All I need is a simple direction. What am I doing wrong? The image should be grayscale form the averages of RGB values.

Accepted Answer

Bjorn Gustavsson
Bjorn Gustavsson on 20 Apr 2020
When you add data of non-double type you'll run into all sorts of wrap-around problems. When I work with images I typically cast the data to double ASAP - that is instantly after reading the image-file:
A = imread('peppers.png');
A = double(A);
Then I don't have to worry about issues like overflow and wraparound.
subplot(2,2,1)
imagesc(A/max(A(:)))
disp([min(A(:)),max(A(:))])
subplot(2,2,2)
imagesc(A/max(A(:)))
Then a couple of unrelated advices:
When you have to loop, try to pre-allocate your variables, otherwise matlab will have to re-allocate space on every step, that becomes slow. If you cannot figure-out how big matrices you have but can run the loop in any direction you might run it from the largest indices and down towards 1:
for i = m:-1:1
for j = n:-1:1
gray(i,j) = (A(i,j,1) + A(i,j,2) + A(i,j,3))/3;
end
end
That way you'll allocate gray to its full size first time around the loops.
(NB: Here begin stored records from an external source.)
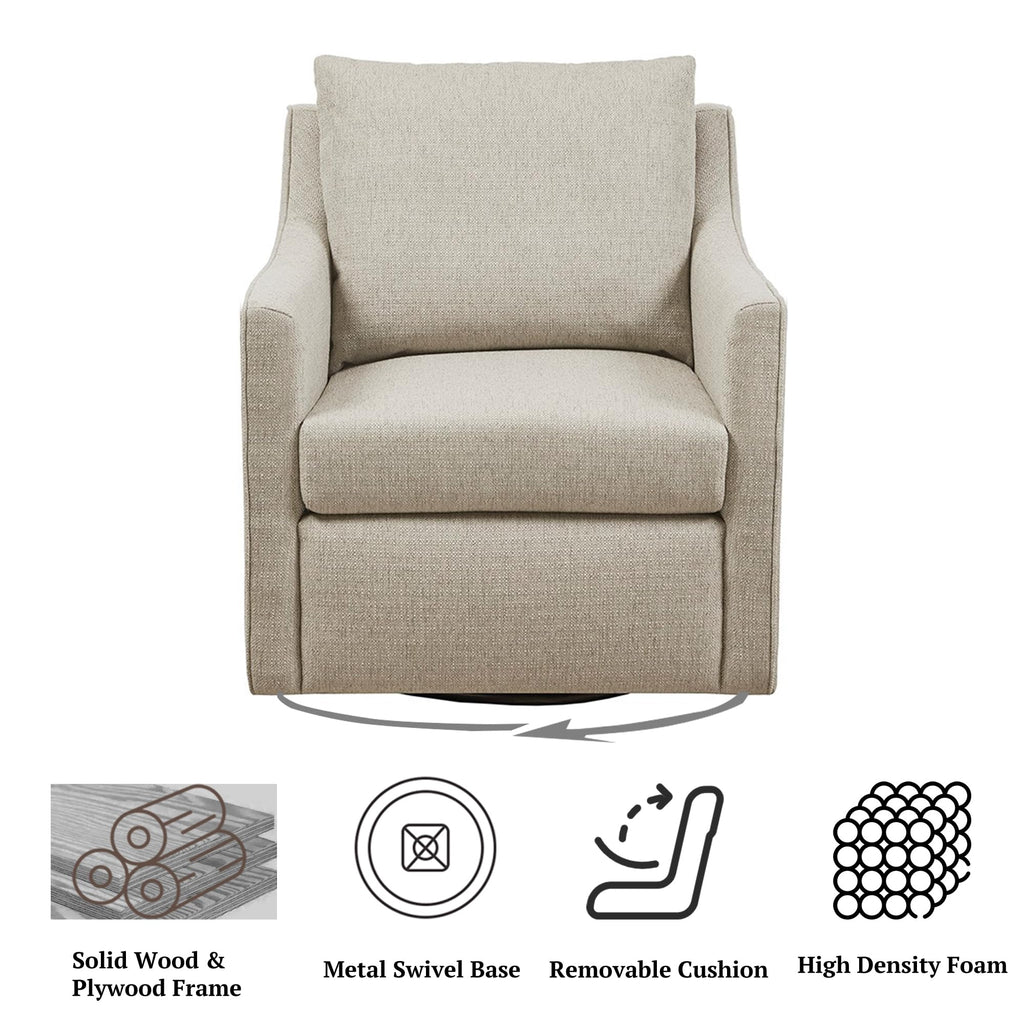 Martha Stewart Amber Swivel Chair for Living Room Barrel Style Bedroom Lounge Removable Foam Seat Cushion Upholstered, Nursery Furniture, Metal Base, Fully Assembled, 30.5" D x 30" W x 35" H, Natural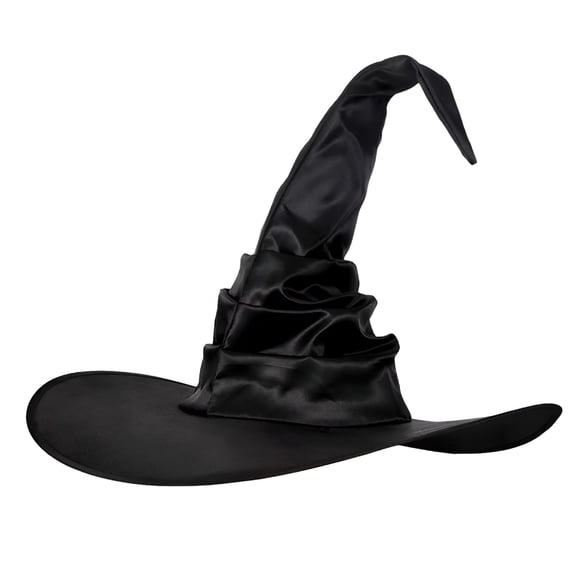 TELOLY Black Witch Hat with Large Brim Halloween Pleated Witch Hat Durable Reusable Witches Hats for Women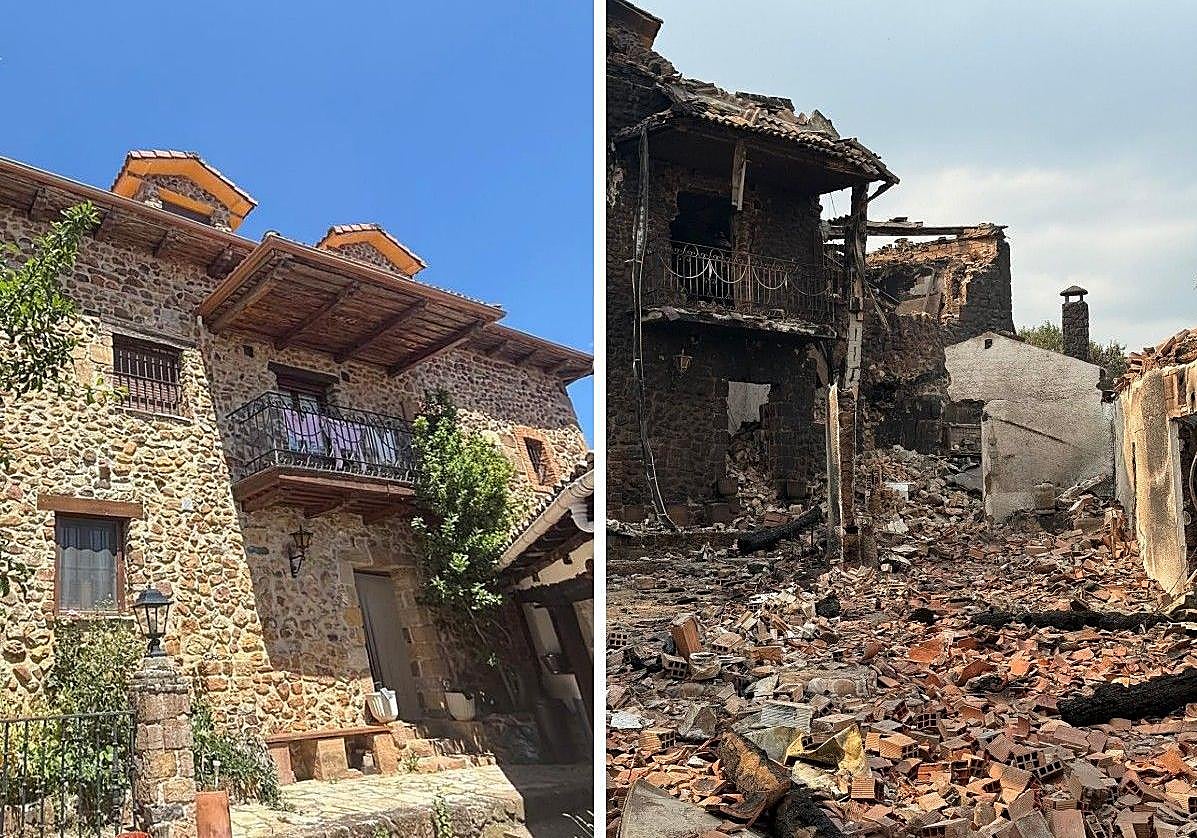 Imagen del antes y el después del incendio sobre la casa.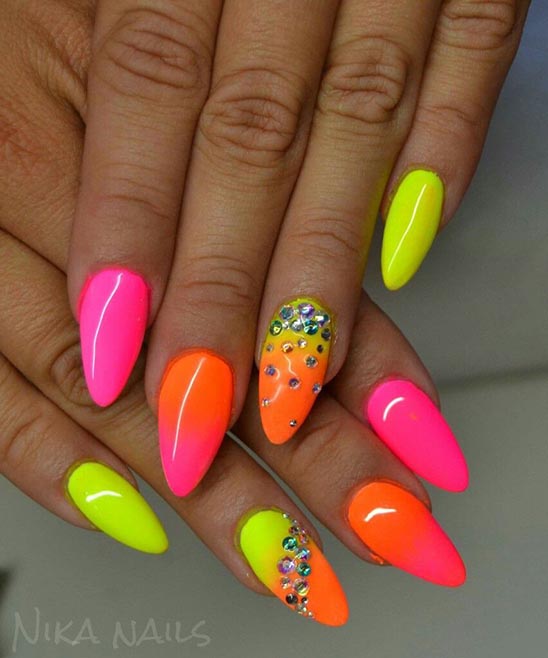Neon Pink and Orange Ombre Nails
You very often do not need to loop. matlab is short for MATrix LABoratory after all. You can do something like this:
gray = (A(:,:,1)+A(:,:,2)+A(:,:,3))/3;
...or even better there are loads of functions doing what you need or 60-90 % of what you need. You could do:
gray = mean(A,3);
HTH
  4 Comments
Bjorn Gustavsson
Bjorn Gustavsson on 20 Apr 2020
Well, it's not for some reason - it is for the reason that your uint8 variable is limited to integer values between 0 and 255, and when matlab adds two uint8 variables and the sum saturates at 255. That's most likely what happens in your case. That's why it might be preferable to cast to double asap - unless you have some explicit reason to keep it in uint8-format.
Yup, it should, matlab removes trailing singleton dimensions - if you generate a variable that gets the size [n1 x n2 x n3 x 1] it will become an [n1 x n2 x n3] variable, but other singleton-dimensions will not be removed, that is [1 x n1 x n2 x n3] will have that size unless you explicitly squeeze it out.
You should also make it a habit to check the size and type of variables when you start, use whos and size...
HTH
Image Analyst
Image Analyst on 20 Apr 2020
Since gray() is a built-in function, you might use:
grayImage = (A(:,:,1) + A(:,:,2) + A(:,:,3)) / 3;
Where A was already made double of course.